* _Task objective_: The full listing should be written out verbatim, and its images should be dropped.

* _Stored data_:

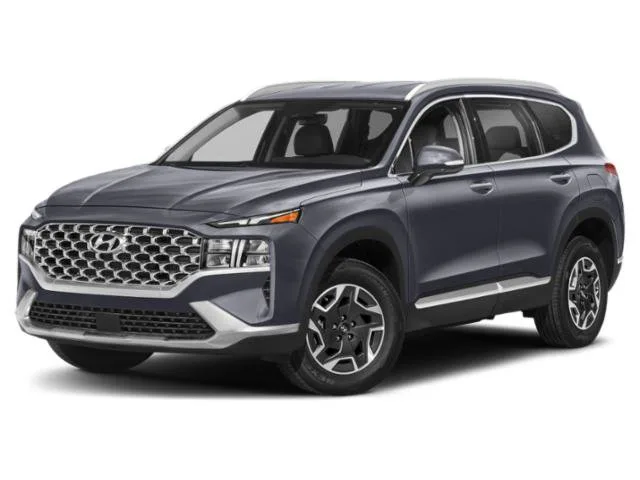 2022 Hyundai SANTA FE HYBRID Blue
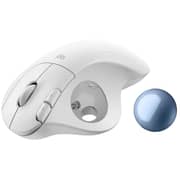 Logitech Ergo M575S Wireless Trackball Mouse Off White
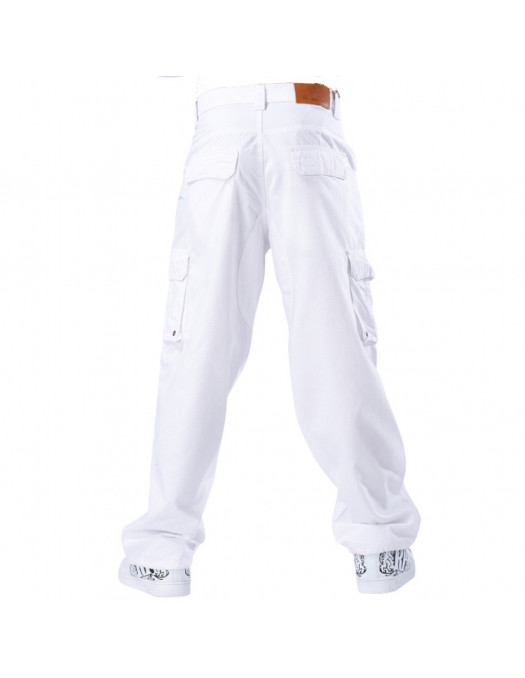 Townz Cargo Pants white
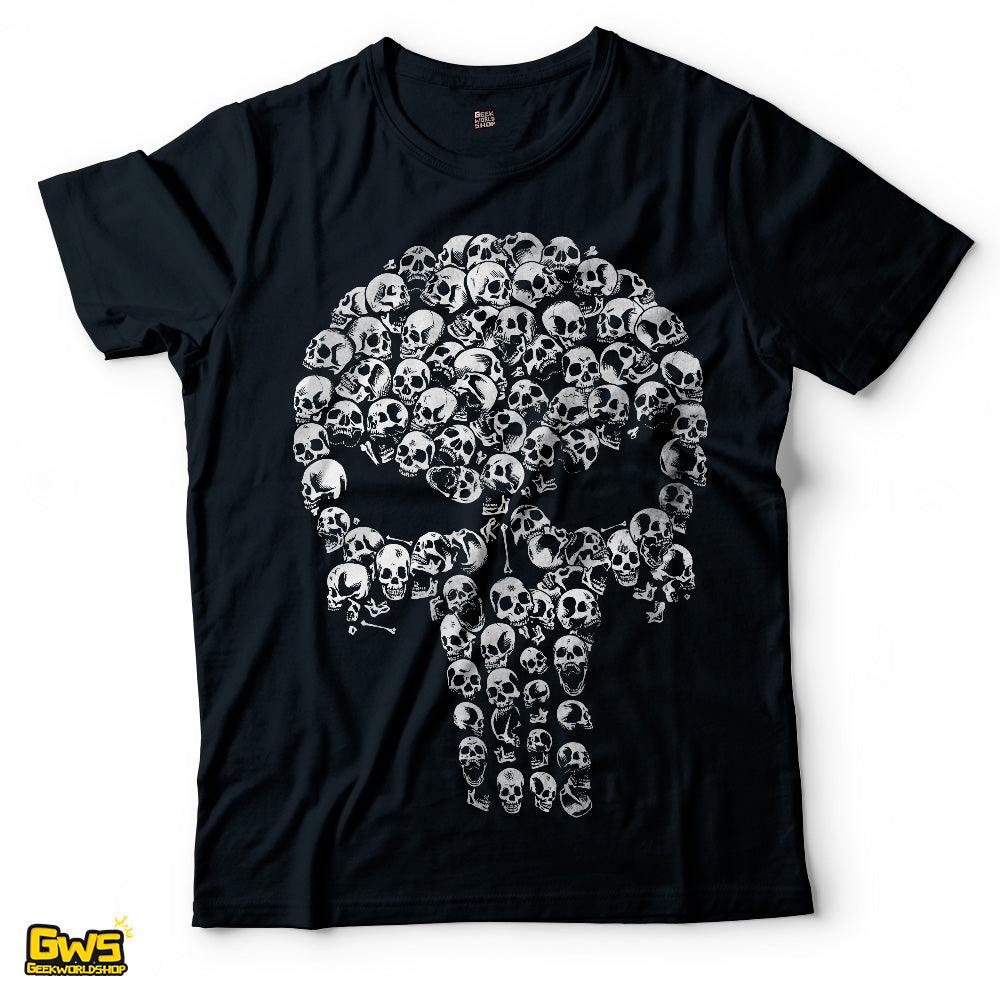 The Punisher Skull Mosaic T-Shirt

* _Reply_:
 2022 Hyundai SANTA FE HYBRID Blue
 Logitech Ergo M575S Wireless Trackball Mouse Off White
 Townz Cargo Pants white
 The Punisher Skull Mosaic T-Shirt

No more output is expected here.